Received: 09 Mar 2026 – Discussion started: 08 May 2026

Publisher's note: Copernicus Publications remains neutral with regard to jurisdictional claims made in the text, published maps, institutional affiliations, or any other geographical representation in this paper. While Copernicus Publications makes every effort to include appropriate place names, the final responsibility lies with the authors. Views expressed in the text are those of the authors and do not necessarily reflect the views of the publisher.

Download & links

Ziye Wang and Renguang Zuo

Status: open (extended)

Post a comment Subscribe to comment alert

RC1:
'Referee comment on egusphere-2026-1293', Nathan Bowman, 04 Jun 2026 reply
General comments:
Uncertainty quantification is a commonly studied aspect of mineral prospectivity mapping, and this manuscript presents a potentially valuable framework for individually quantifying different types of uncertainty. This is an approach that could be adopted by geologists in both academia and industry to guide and improve their own MPM studies. However, several key methodological steps regarding the treatment of geochemical and geophysical data are either insufficiently described or ambiguously presented, making it difficult to assess the validity of the uncertainty analysis and the robustness of the conclusions. Clarifying these aspects is essential, as they directly underpin the central claims of the study. Furthermore, the discussion section does not adequately consider relevant prior work, nor does it clearly position this study in relation to existing methods. Although the code used to produce the results is included as supplementary material, the data provided are insufficient to resolve the issues described above or to fully reproduce the authors’ workflow. Many sections of the manuscript are repetitive and contain redundant information. The figures are of variable quality, and the figure captions lack sufficient description. With major revisions to improve the structure of the manuscript, clarify the methodology, and strengthen the discussion of data analysis and interpretation, this manuscript has the potential to make a meaningful contribution to the field.
Specific comments:
While individual sections of the manuscript are well written, several sections could be combined and simplified due to repetitive content.
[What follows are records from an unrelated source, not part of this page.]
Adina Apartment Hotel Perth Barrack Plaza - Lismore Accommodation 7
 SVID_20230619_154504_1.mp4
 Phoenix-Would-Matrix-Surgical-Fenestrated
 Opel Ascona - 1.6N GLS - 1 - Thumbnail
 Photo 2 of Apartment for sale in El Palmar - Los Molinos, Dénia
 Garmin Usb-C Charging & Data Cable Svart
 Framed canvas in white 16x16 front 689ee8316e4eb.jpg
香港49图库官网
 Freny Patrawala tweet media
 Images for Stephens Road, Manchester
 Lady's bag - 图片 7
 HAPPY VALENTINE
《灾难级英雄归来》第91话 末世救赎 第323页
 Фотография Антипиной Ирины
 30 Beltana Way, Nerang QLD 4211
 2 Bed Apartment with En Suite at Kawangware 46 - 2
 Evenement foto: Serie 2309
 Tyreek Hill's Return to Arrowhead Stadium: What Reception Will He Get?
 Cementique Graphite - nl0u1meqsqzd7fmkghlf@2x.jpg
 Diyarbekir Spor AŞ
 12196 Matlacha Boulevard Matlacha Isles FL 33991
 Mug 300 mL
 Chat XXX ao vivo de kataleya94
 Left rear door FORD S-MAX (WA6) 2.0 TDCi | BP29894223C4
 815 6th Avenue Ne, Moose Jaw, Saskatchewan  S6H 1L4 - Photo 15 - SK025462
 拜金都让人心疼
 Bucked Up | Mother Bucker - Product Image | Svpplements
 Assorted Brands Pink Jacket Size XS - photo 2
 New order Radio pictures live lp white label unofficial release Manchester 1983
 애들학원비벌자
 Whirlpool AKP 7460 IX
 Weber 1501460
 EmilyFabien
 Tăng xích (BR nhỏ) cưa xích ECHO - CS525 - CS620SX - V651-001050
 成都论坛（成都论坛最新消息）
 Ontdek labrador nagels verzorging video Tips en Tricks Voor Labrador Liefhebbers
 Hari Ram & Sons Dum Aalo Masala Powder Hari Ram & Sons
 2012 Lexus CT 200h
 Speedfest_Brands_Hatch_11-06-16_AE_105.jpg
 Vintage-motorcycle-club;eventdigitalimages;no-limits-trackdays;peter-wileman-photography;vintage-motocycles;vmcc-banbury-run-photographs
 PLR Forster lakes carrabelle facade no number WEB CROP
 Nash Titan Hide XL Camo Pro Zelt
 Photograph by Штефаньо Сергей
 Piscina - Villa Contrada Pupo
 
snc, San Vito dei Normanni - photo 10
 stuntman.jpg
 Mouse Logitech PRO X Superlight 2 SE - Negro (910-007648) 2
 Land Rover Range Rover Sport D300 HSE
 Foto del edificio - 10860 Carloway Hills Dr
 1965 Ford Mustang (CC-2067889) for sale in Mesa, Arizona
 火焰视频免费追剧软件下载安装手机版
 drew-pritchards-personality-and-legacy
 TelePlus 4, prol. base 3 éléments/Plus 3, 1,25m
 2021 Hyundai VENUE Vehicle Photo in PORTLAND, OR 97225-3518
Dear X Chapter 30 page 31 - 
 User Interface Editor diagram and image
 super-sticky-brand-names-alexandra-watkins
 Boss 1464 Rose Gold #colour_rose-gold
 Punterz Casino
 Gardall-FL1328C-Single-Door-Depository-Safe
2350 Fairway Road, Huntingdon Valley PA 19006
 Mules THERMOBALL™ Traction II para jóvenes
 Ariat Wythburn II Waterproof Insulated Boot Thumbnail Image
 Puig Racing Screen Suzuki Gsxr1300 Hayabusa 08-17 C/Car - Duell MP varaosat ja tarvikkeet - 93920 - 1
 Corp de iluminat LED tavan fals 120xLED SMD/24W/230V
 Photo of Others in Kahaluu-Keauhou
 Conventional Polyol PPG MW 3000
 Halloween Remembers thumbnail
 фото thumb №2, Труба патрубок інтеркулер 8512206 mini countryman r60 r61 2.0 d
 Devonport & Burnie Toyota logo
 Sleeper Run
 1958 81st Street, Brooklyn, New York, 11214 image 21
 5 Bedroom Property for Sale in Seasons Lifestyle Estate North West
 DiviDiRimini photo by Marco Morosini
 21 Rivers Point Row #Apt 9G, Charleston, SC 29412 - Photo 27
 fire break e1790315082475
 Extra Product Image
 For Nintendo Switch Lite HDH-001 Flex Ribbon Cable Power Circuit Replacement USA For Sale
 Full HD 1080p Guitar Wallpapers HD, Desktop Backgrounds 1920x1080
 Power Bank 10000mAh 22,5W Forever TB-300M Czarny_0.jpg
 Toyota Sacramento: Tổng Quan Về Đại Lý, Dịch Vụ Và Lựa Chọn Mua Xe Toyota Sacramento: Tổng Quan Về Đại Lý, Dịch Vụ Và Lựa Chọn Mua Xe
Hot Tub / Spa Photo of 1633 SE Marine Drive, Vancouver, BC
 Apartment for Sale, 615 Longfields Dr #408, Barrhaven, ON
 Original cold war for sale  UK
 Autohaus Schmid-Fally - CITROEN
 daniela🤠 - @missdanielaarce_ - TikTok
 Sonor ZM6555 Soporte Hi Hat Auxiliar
In particular, Section 2.1 (lines 129-139) repeats information from earlier sections (lines 75-90), and much of the methodology section provides general background rather than describing the specific methods the authors used. The actual workflow is described later (Sections 4 and 5, lines 301-404). Sections 4 and 5 are very well written, very descriptive, and should be the information provided in the methodology. The authors are encouraged to streamline the methodology by reducing background material and consolidating relevant content into a single, coherent section.
Many figure captions are vague and insufficiently descriptive. This often leads to confusion about what is being shown in the figures and how they relate to the workflow and results. Figure captions should be expanded to clearly explain what is being shown and their relevance to what is being discussed in the text. Figure 3 should be redrafted: It is not clear in either the text, the figure captions, or the illustration itself what is being shown or how it relates to the implementation of a Bayesian CNN. It is also unclear what is shown in Figure 16: do the mean vs uncertainty scatter plots represent pixel-wise values from the mean and variance maps? These points should be clarified in both the text and figure captions.
The inclusion of data and code in the appendices is appreciated and supports reproducibility. However, the provided datasets (two .tif files) are insufficient. In particular, the file evidence.tif is not georeferenced, and it is unclear what it represents.
Terminology relating to the types of uncertainty is inconsistent throughout the manuscript. Four types of uncertainty are initially defined: conceptual uncertainty, data uncertainty, variable uncertainty, and integration uncertainty (after Zuo et al., 2021; lines 55-60). The stated goal of the study is to quantify data uncertainty and “model” uncertainty (line 71). The authors then subsequently define data uncertainty as “limited sampling, observational errors, and the selection of negative samples, which is primarily expressed during the construction of evidential features, including ore-controlling geological structures, geochemical anomalies, and geophysical anomalies” (lines 72 to 74), which combines aspects of both data uncertainty and variable uncertainty. The authors then define model uncertainty as “the variability in deep learning architecture and parameters used to integrate these evidential features (lines 74-75)”, which corresponds more closely to the earlier definition of integration uncertainty (line 59). This inconsistency persists throughout the manuscript and creates confusion, as it is unclear which types of uncertainty the different methods are intended to address. For example, on line 332, “parameter uncertainty” is used to describe what was previously defined as variable uncertainty. The authors are encouraged to adopt a clear terminology framework and apply it consistently throughout the manuscript.
It is not clearly justified why MPS-DS is applied to geochemical and geophysical data. The authors state that MPS-DS is used to interpolate these datasets (explicitly stated for geochemical data in line 345 and implied for geophysical data in line 354), stating that generating multiple realizations allows them to quantify both data and model uncertainty (lines 364-365). However, other more commonly used methods of interpolation such as kriging also allow uncertainty to be quantified. Therefore, the authors should clarify why their approach is advantageous relative to established interpolation methods, particularly in relation to uncertainty quantification.
There is no reference in the text about origin or source of the aeromagnetic data, and the treatment of this dataset raises several concerns. The authors suggest that uncertainty from arises interpolation due low sampling density and can lead to over-smoothed results (lines 83-86, 194-196, 583-585). However, aeromagnetic data typically consist of dense measurements collected along flight lines, with regular spacing of flight lines across the study area. Yet figure 8b shows equidistant data points with extensive coverage over the entire region, which does not appear consistent with how aeromagnetic data are usually collected, nor does it reflect the “limited sampling density” issue the authors wish to address. Additionally, it is unclear how the vertical first-order derivative (1VD) was applied to the aeromagnetic data (lines 295-296). It should be clarified whether:
the 1VD transformation was applied to raw survey data prior to simulation, or

the data were first gridded, then 1VD transformed, and subsequently used in simulation.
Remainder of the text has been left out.